The NBA Still Doesn't Have an Answer for Zion Williamson
The new CBA has created a fascinating question: what is a player like Zion Williamson actually worth?
Amidst the humiliation ritual that was New Orleans Pelicans basketball season, something quite interesting was happening the background. As teams search for answers on how to address one of basketball’s brightest — and already one of basketball’s greatest — stars, the Pelicans quietly finished last season with the title of annoying Victor Wembanyama the most, limiting him to his lowest offensive rating1 against a team last season.
There’s an even funnier statistic — Wembanyama is 1-3 against Zion Williamson over the course of his career. Is this somewhat cherry picked given that Wembanyama was 0-2 against Williamson his rookie year, didn’t face each other in his sophomore year and Williamson.
And none of this truly matters. The Spurs would finish the season 3-1 against the Pelicans. The Spurs would still make it to the NBA Finals. And the Pelicans would still finish the season with the eighth worst record in the NBA with no lottery pick to dry their tears.
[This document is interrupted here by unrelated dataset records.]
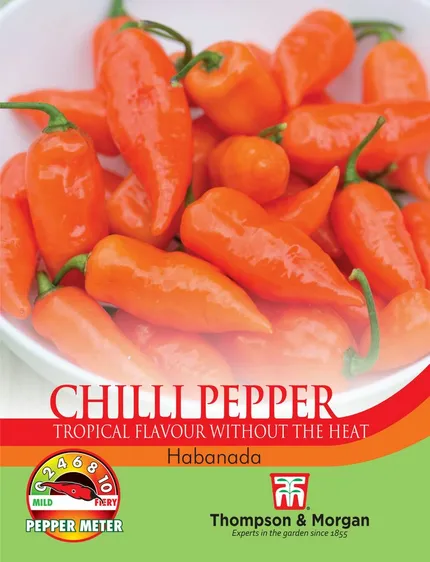Pepper (Chilli) Habanada - image 1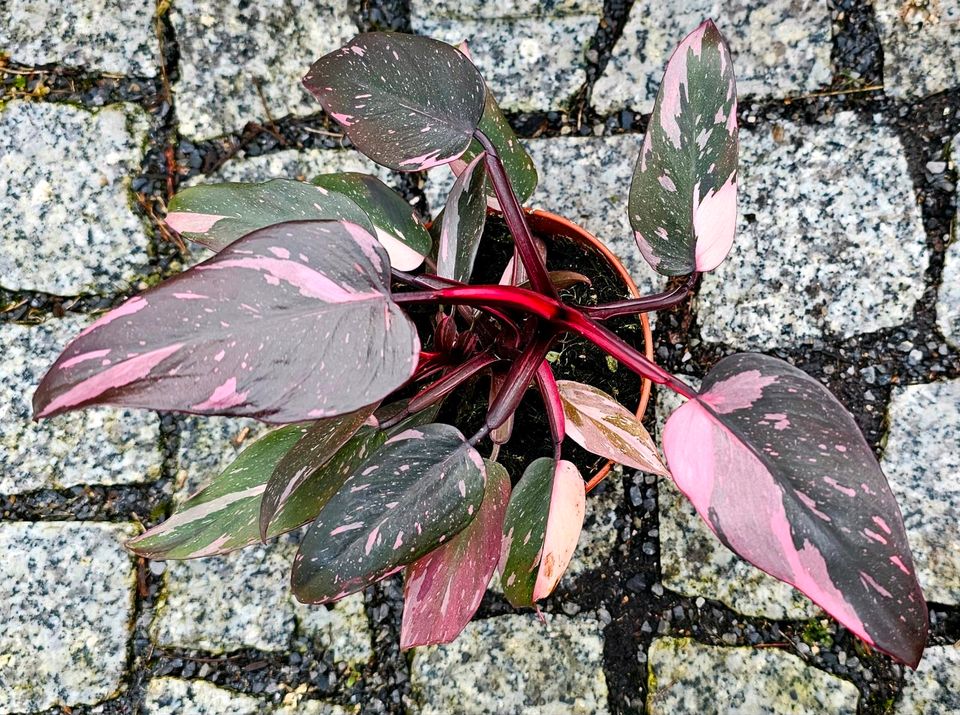 Philodendron Pink Princess Galaxy - M2Rqun in Obertshausen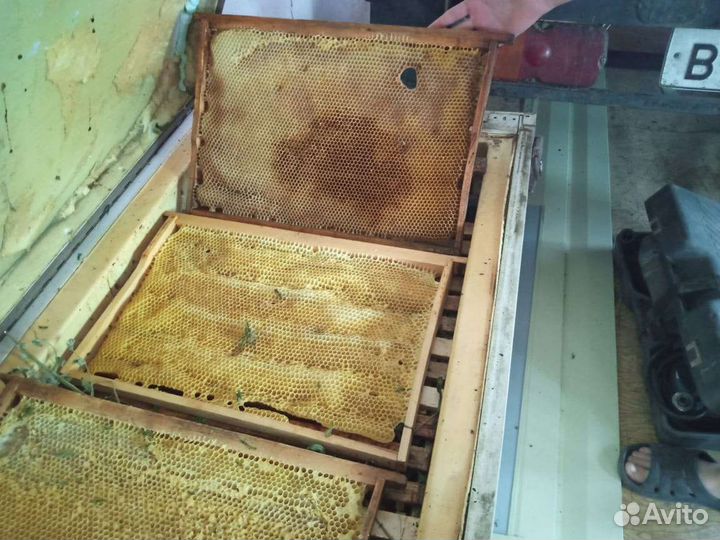 Суш Светлая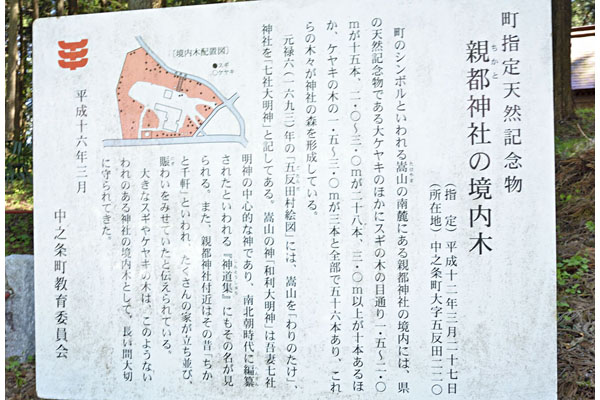 cm-親都神社-03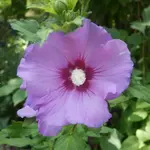 P1010040.webp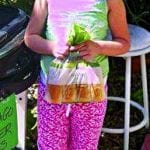 article image - 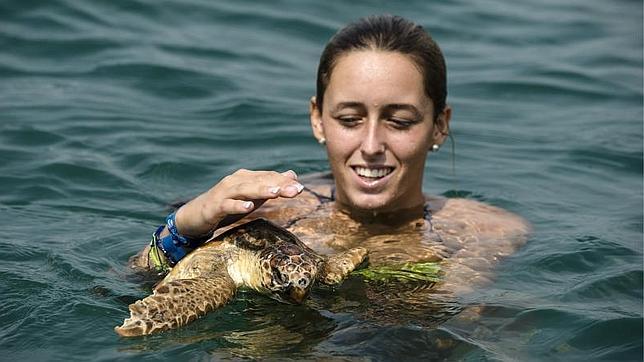 Tortugas marinas al servicio de la investigación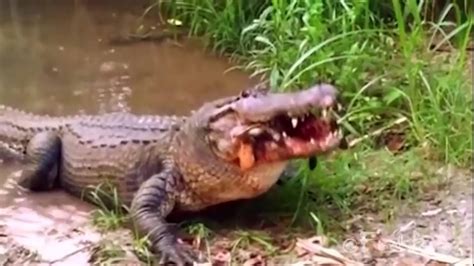 Alligator Eating Turtle Hen Deer Compilation Youtube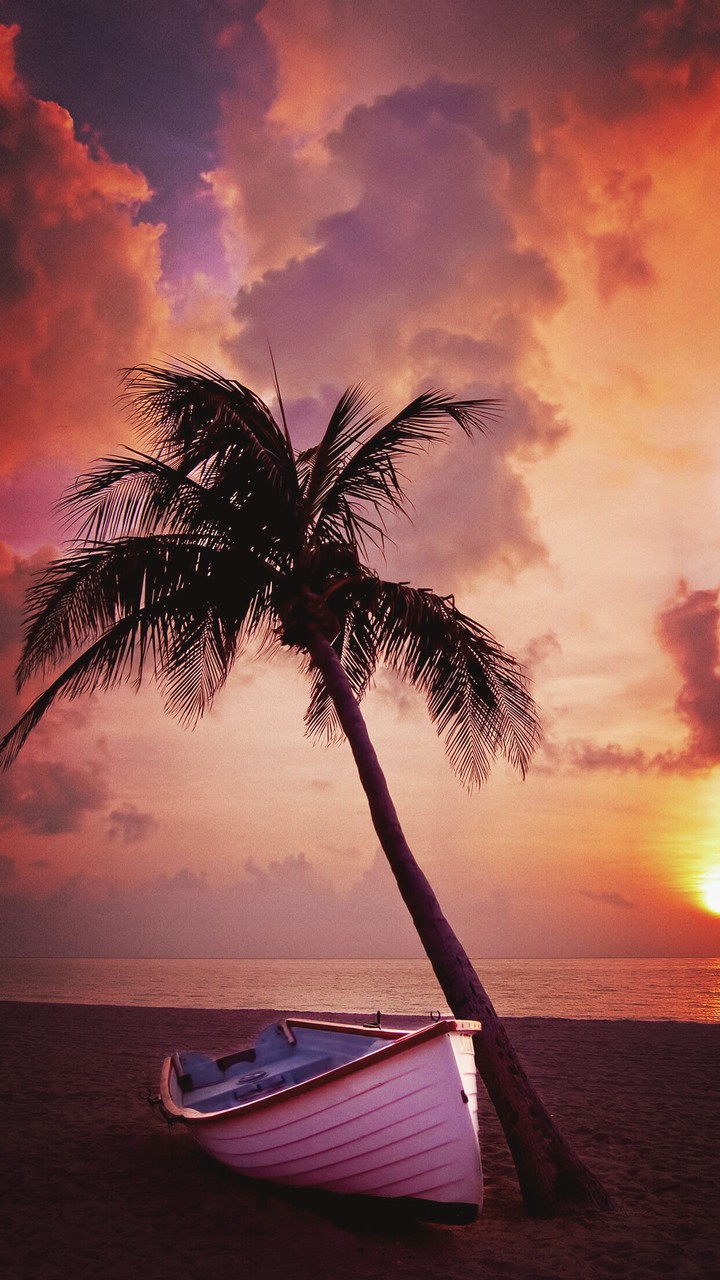 #summer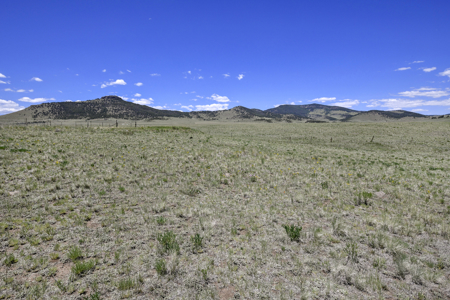 Fenced Land for Sale in Guffey, Colorado – Mountain Views - image 3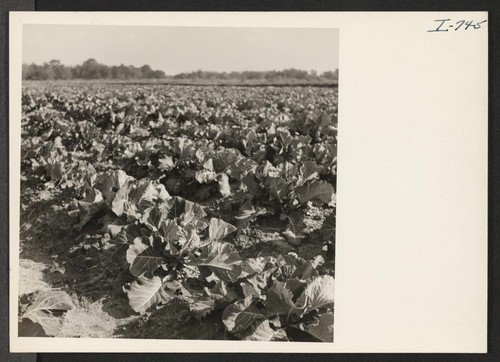 A field of collards to be harvested February 1, in the coastal area of South Carolina, seven miles south of Beaufort, South Carolina. Photographer: Iwasaki, Hikaru Beaufort, South Carolina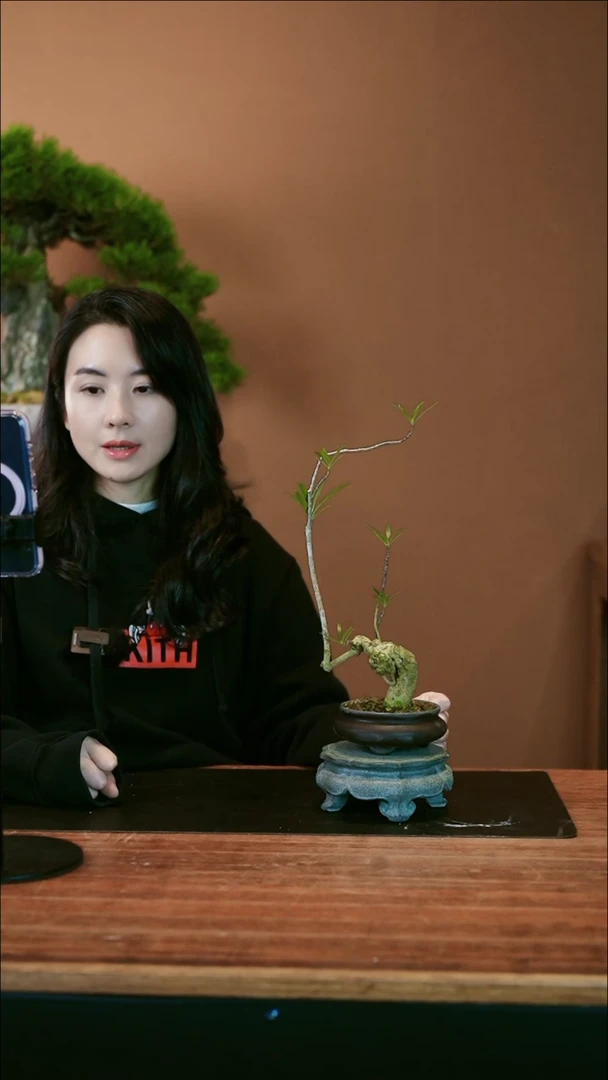 【闪购商品】盆景栀子花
Totally doesn’t matter….right?
The complicated career of Zion Williamson continued last season. Despite doubling his appearances from the year prior, it also felt like a continuation of a pattern that has become impossible to separate from the player himself. Every stretch of dominant or impressive basketball was followed by another reminder that availability remains the defining variable in his career.
He would average career lows in points per game (21.0), field goal attempts a contest (13.0) and rebounds per game (5.6) while averaging a respectable 29.7 minutes a contest. It would be disingenuous to say he wasn’t a meaningful contributor — he very much was. However, it wouldn’t be a stretch to say he was a player worth centering your future around.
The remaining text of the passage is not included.